Johor Corporation (JCorp) or Perbadanan Johor is a Malaysian government-linked company, formerly known as the "Johor State Economic Development Corporation" (JSEDC). Formed in 1968, it is part of the government's affirmative action programs to restructure its multi-ethnic society by eradicating the economic imbalance between the Malays and the non-Malays. Malaysian "state economic development corporations" were designed to break away from the bureaucratic binds of a regular government department and to become a commercially oriented investment arm of the respective state governments.
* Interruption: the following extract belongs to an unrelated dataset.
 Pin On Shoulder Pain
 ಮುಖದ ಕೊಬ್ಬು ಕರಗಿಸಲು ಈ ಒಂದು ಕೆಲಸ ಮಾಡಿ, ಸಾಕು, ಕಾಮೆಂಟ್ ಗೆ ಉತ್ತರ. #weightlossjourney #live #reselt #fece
It is the only Malaysian state economic development corporation to have its business extended to another state.

Board of Directors
As a state agency, the position of Chairman of the Board of Directors is held by the Menteri Besar Johor, while the directors’ positions are held by the Chief Executive, six officials from the Johor Civil Service; Federal Government officials and two other independent directors : 

 Chief Minister of Johor & Chairman - YAB Datuk Onn Hafiz Ghazi
 Deputy Chairman - YBhg Tan Sri Dr. Ismail Bakar
 President & Chief Executive - YBhg Datuk Syed Mohamed Syed Ibrahim
 State Secretary of Johor & Board of Director - YB Tan Sri Dato' Dr. Haji Azmi Rohani
 State Financial Officer of Johor & Board of Director -YB Dato' Salehuddin Hassan
 State Legal Advisor of Johor & Board of Director - YB Dato' Amir Nasruddin
 Secretary General, Ministry of Economy & Board of Director - YBhg Dato' Nor Azmie Diron
 Secretary General, Ministry of International Trade and Industry & Board of Director - YBhg Datuk Seri Isham Ishak
 Board of Director - YBhg Datuk Nor Azri Zulfakar
 Board of Director - YBhg Dato' Sr. Hisham Jafrey

History
JSEDC commenced its operations in August 1970, with the appointment of Othman bin Mohd Saat, the then Chief Minister of Johor, as its chairman and Basir Bin Ismail as its chief executive. Its first office was located at Level 2, Sultan Ibrahim Building, Johor Bahru, with two staff. The corporation's current office is at Persada Johor. JSEDC changed its name to Johor Corporation at the end of 1995.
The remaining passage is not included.